On The Simple Genius of Hustlers
note to self: write more friendship
Last night, thanks to the lords of Screener Season, we watched Hustlers, a movie about badass women fighting against the woes of patriarchal, capitalist bullshit by drugging wall street bozos with a MDMA+ketamine, running up massive bills on their credit cards after they pass out, and getting filthy rich.
The movie, which is based on a 2015 piece in New York Magazine by Jessica Pressler called “The Hustlers at Scores,” is a wild, well acted roller coaster of emotion and truth set amidst the backdrop of the 2008 financial crisis.
But the one thing I found so simple and genius about it, something which goes against most of my writing instincts, is this: the women are all friends. Simple as that. They start as friends, and they basically end as friends, though of course (vague, obvious spoiler here) it ends up being more complicated than just that.
Throughout the whole movie - all four of the main ‘hustlers’ genuinely love and care for each other. There are no power struggles, no doubt of allegiances, no men getting in the way to turn them against each other, none of that. There is, instead, love and trust and rock solid faith that they got each other, no matter what.
I could write more about this, but there isn’t much more to say - it is the simplicity here that is so powerful, a stark contrast to the bullshit conflicts that is at the core of all movies. We are taught, in screenwriting school, that conflict is the key to all drama, which is not false.
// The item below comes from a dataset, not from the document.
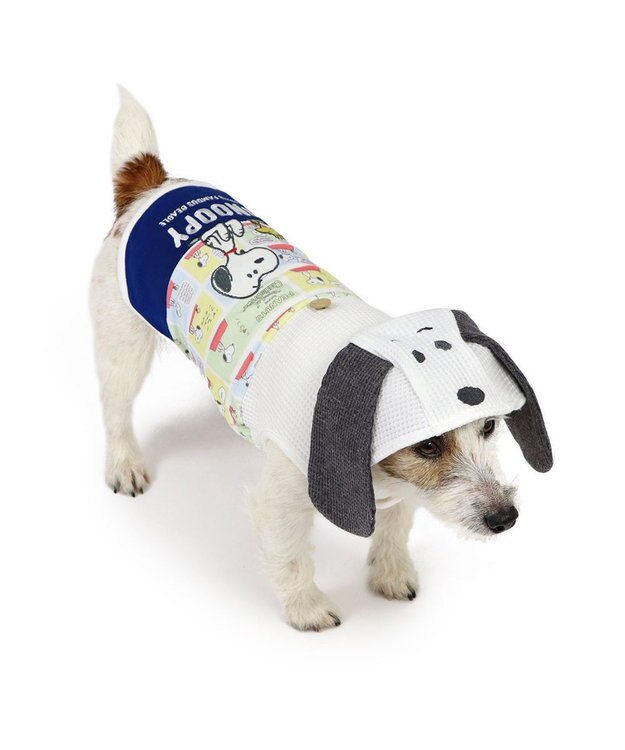 PET PARADISE スヌーピー 耳付きパーカー 《コミック柄》 小型犬 コミック柄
But that doesn’t mean the conflicts need to between the characters. There can be conflicts of a billion kinds - me v me, me v world, me v ideology, etc.
AND, what’s more, there often need to be no conflicts at all. Just as our brains are wired for conflict and fighting and battle, they too are wired for love.
Note to self: write more friendships, write less conflict.
Note to self: live more friendship, live less conflict.
Note to you: watch Hustlers, it’s real good.